Task objective
Below, locate the line that contains "New 2026 Ford Expedition Active image 26". Repeat exactly from that line to the line that contains "full (12) Elegant", inclusive, leaving out the pictures.

Supplied records
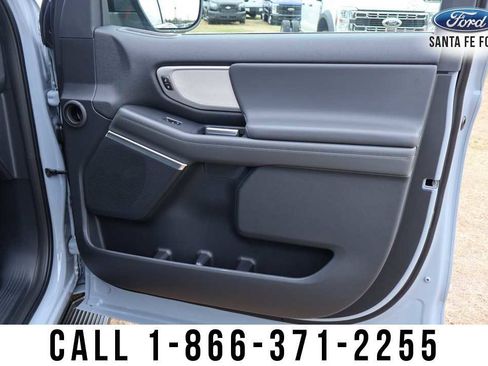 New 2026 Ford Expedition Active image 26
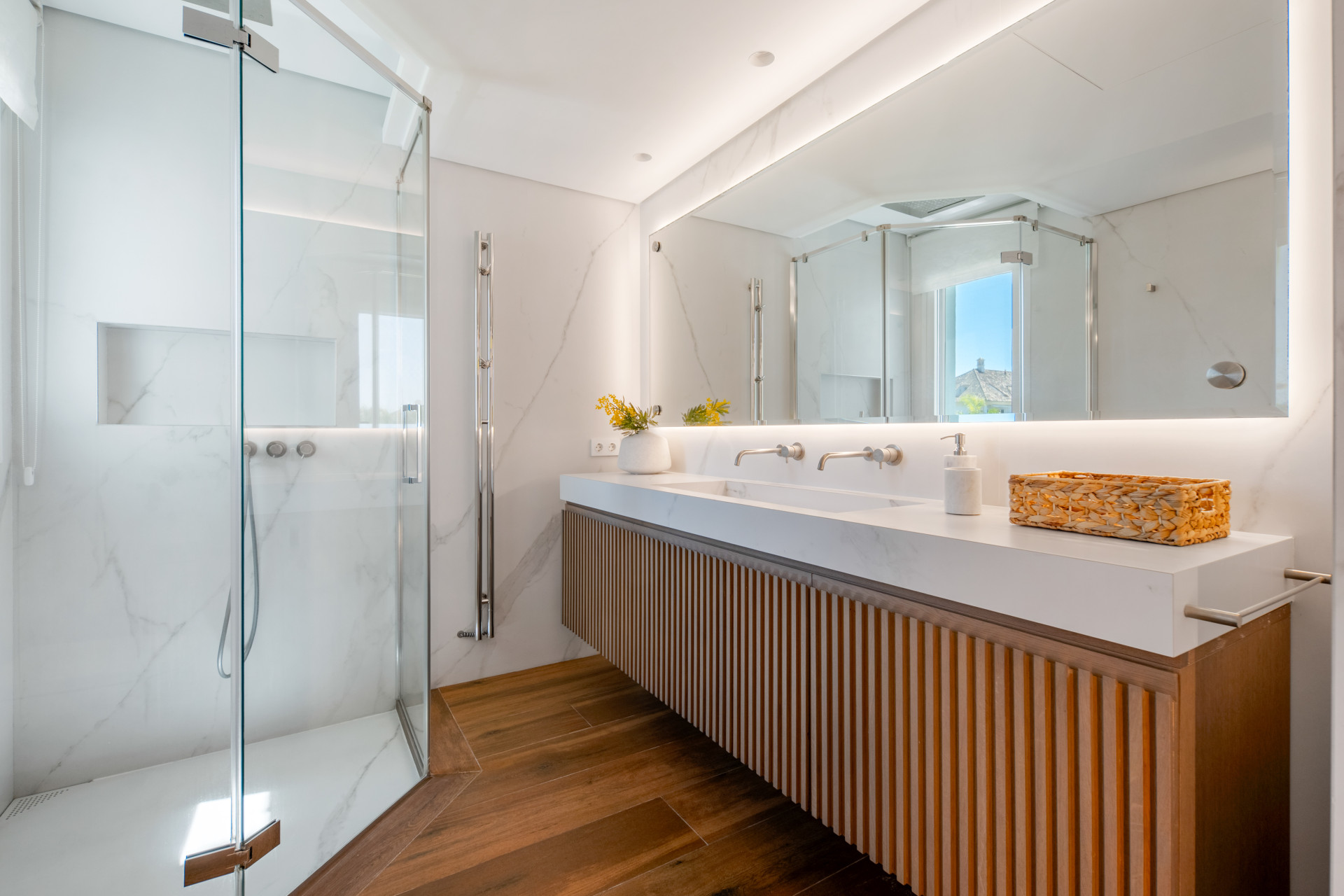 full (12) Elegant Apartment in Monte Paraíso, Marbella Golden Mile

==

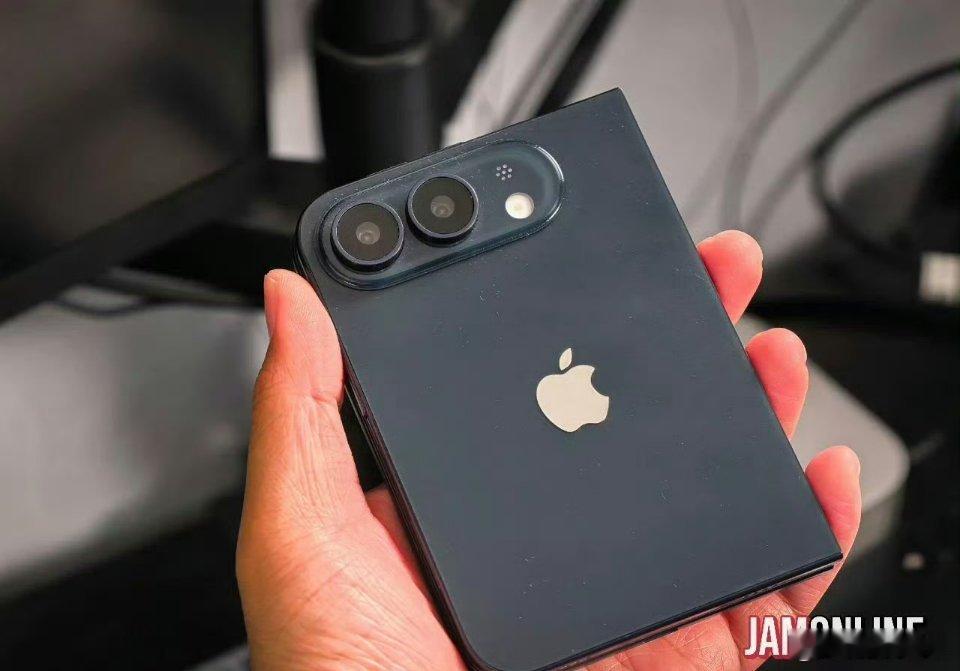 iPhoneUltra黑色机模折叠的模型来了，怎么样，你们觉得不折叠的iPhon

Exercise response
 New 2026 Ford Expedition Active image 26
 full (12) Elegant Apartment in Monte Paraíso, Marbella Golden Mile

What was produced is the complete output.